Emmanuel Schwartz interprète huit personnages dans Les événements à La Licorne. La pièce raconte l'histoire d'une tuerie, inspirée des événements tragiques de l'île norvégienne d'Utoya.

Emmanuel Schwartz ne joue pas Anders Behring Breivik dans la pièce de l'Écossais David Greig (Yellow Moon), même si elle est inspirée du drame de 2011. Il joue un tueur sans nom en plus de sept autres personnages. Il a coupé sa barbe et ses cheveux longs qu'il a teints en blanc. Cela lui donne un petit air... inquiétant!

«C'est quand même terriblement inquiétant de savoir qu'il y a eu aux États-Unis, dans les 1050 derniers jours, 1050 tueries, soit plus d'une personne tuée par balles, dit-il. En même temps, la pièce a l'ambition de tenter, aussi cruel que cela puisse paraître, de théoriser et de métaphoriser cette problématique.»

Les événements récents à Paris et San Bernardino montrent, malheureusement, la nécessité d'une telle oeuvre créée il y a deux ans.

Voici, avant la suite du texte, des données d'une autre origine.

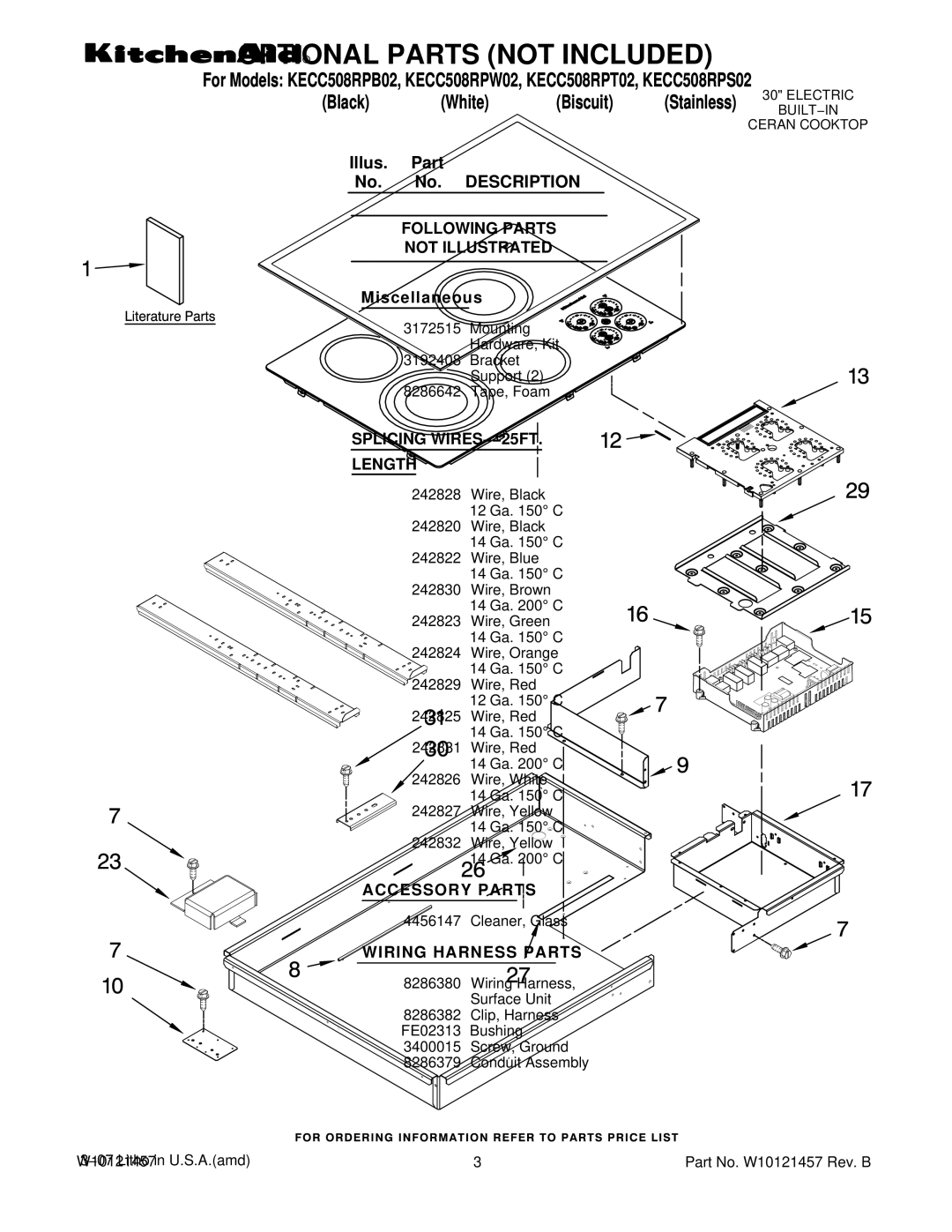 KitchenAid KECC508RPS02 manual Optional Parts not Included, Following Parts Not Illustrated, Splicing WIRES−−25FT Length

«Je ne sais pas comment l'air du temps avance, soutient Emmanuel Schwartz. Je me sens au bon endroit dans ce propos-là, maintenant. Ce genre de pièce nous rejoint tous.»

Entre noir et blanc

Dans cette production acclamée depuis ses débuts, toutefois, rien n'est tout noir ou tout blanc. On navigue souvent dans les zones troubles de gris.

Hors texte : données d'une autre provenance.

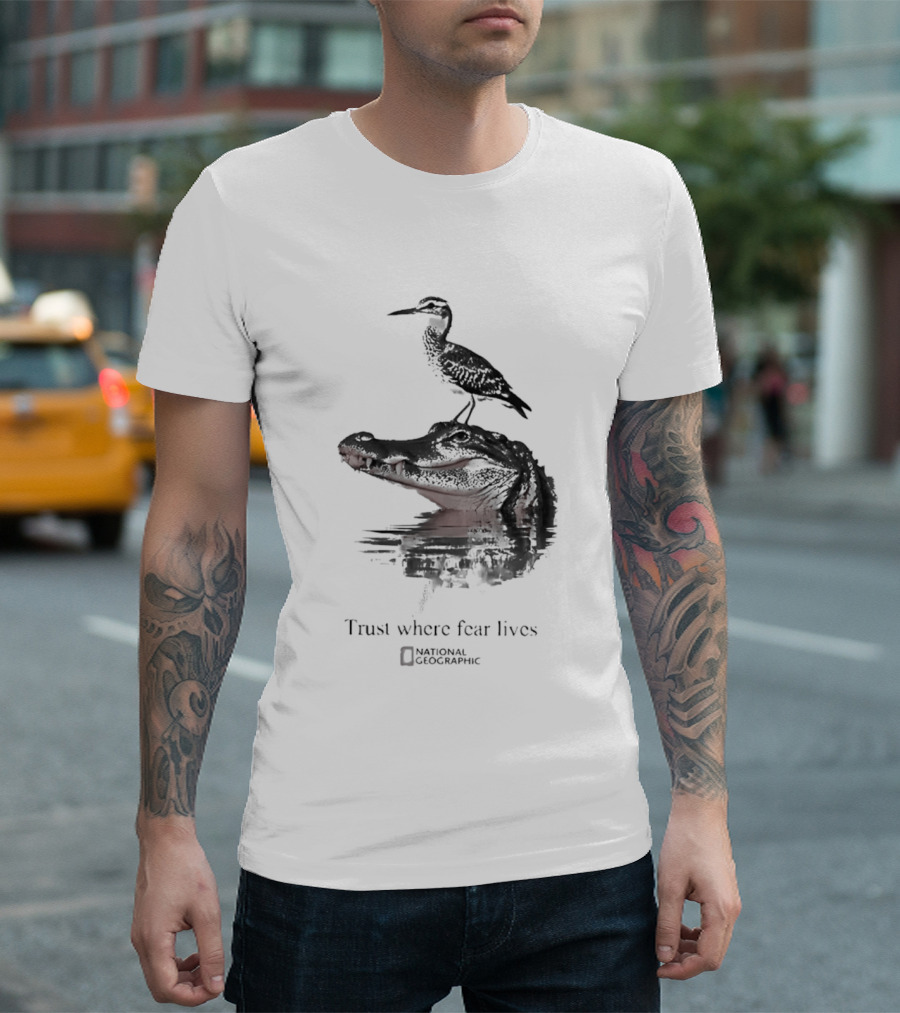 National Geographic Trust Where Fear Lives Alligator And Bird T-Shirt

«C'est la beauté de l'oeuvre d'art. La sculpture est au centre de la pièce et on circule autour. Personne ne voit exactement la même chose. Tout le monde peut en retirer quelque chose. La pièce de Greig est extrêmement habile. Il y a quelque chose d'implacable dans sa manière d'aller au fond de la problématique.»

En plus du rôle du tueur, auquel fait face la directrice (Johanna Nutter) de la chorale dont les membres sont ses victimes, Emmanuel Schwartz interprète sept autres personnages.

«Le coeur de la pièce, on le trouve dans la projection que se font le tueur et la directrice de chorale l'un pour l'autre, laisse entendre  le comédien. Elle lui demande ce qu'il est et il répond par une énumération très éloquente. Je suis un vide qui nous attire. Je suis malade, mort, perdu et seul. Je suis un rien d'où n'émergent que des ténèbres et une question. La seule question possible. Qu'est-ce qu'on peut faire de moi?»

La violence en soi

La directrice de la chorale lui répond qu'elle pourrait le tuer. La violence est donc là partout et en chacun de nous.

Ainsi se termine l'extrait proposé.